[WHAT IS REQUIRED]: Please copy only the material from the line that has "Светильник настенный Maytoni" to the very last line, both ends included, exactly as written and without pictures.

=-=-=

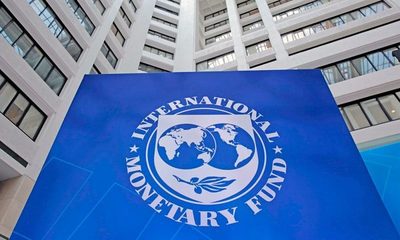 Bolivia devolvió millonario préstamo al FMI y denunció imposiciones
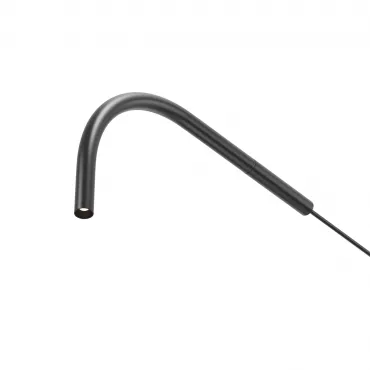 Светильник настенный Maytoni Eye C104WL-3W3-6K-B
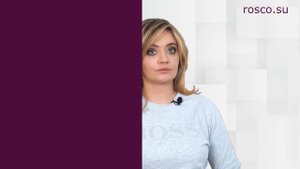 Какую пенсию получит ИП, который платит страховые взносы «за себя»?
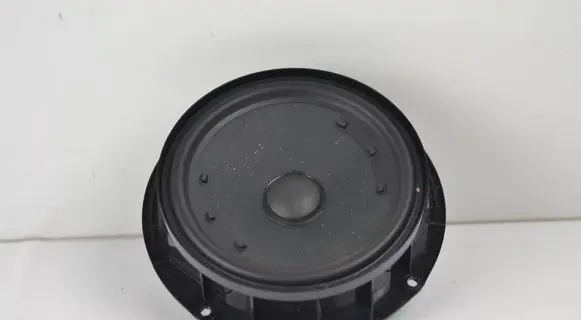 Volkswagen Golf VII Front door speaker 5G0035453G 430407863062 03022018043A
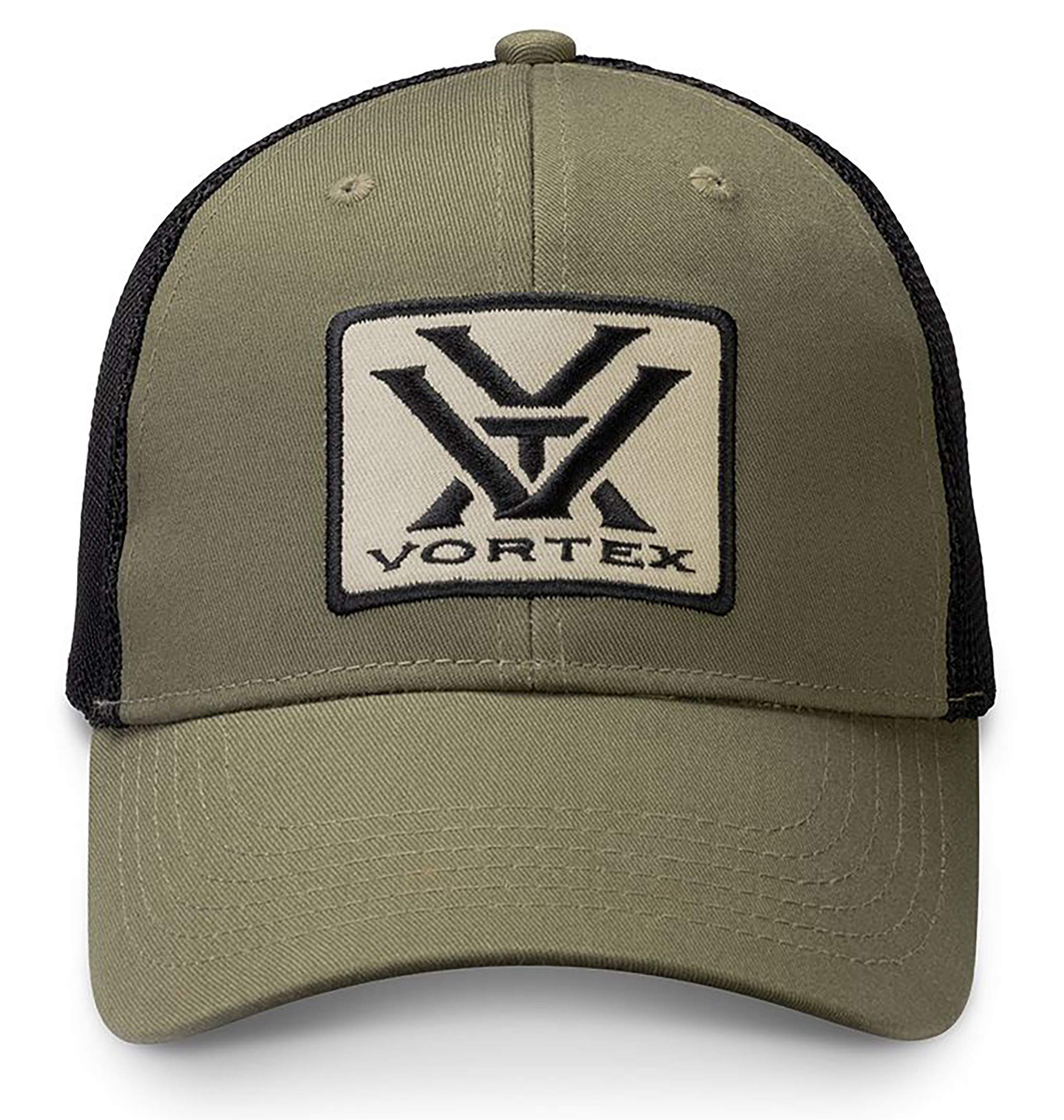 15 Best Hunting Hats 2023 Reviews & Ratings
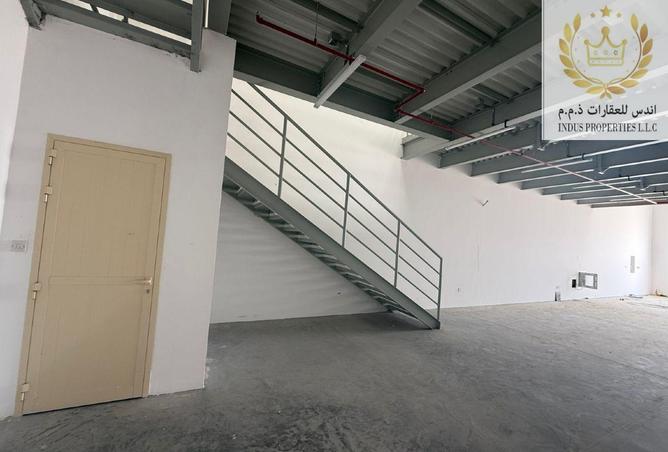 14958068 - صورة العقار 3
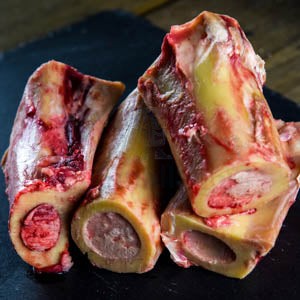 Говяжий фарш классический - купить в Свободном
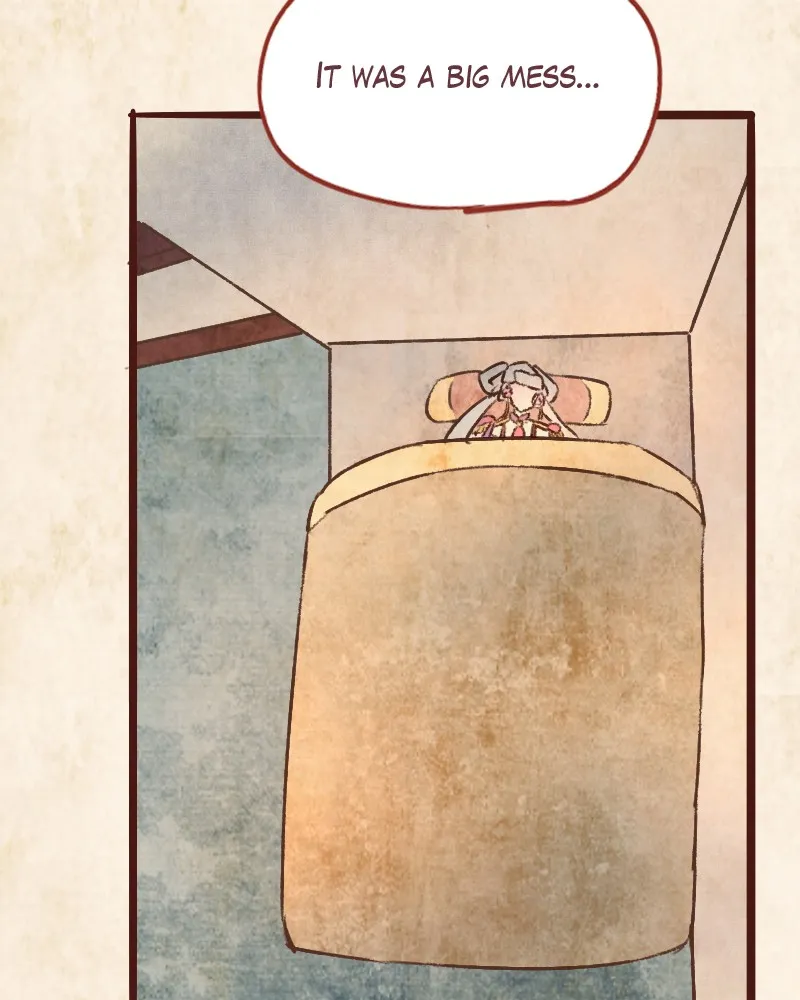 Read Phantom Paradise chapter 90 image 82 on Lezhin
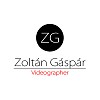 Videografo Zoltan Gaspar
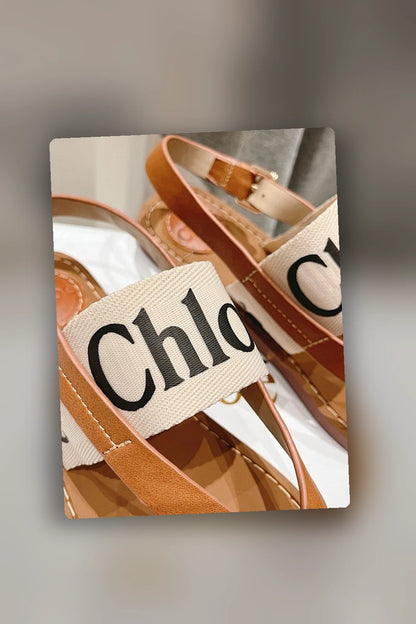 NB - CLE Women Shoes - 306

=-=-=

[RESPONSE]:
 Светильник настенный Maytoni Eye C104WL-3W3-6K-B
 Какую пенсию получит ИП, который платит страховые взносы «за себя»?
 Volkswagen Golf VII Front door speaker 5G0035453G 430407863062 03022018043A
 15 Best Hunting Hats 2023 Reviews & Ratings
 14958068 - صورة العقار 3
 Говяжий фарш классический - купить в Свободном
 Read Phantom Paradise chapter 90 image 82 on Lezhin
 Videografo Zoltan Gaspar
 NB - CLE Women Shoes - 306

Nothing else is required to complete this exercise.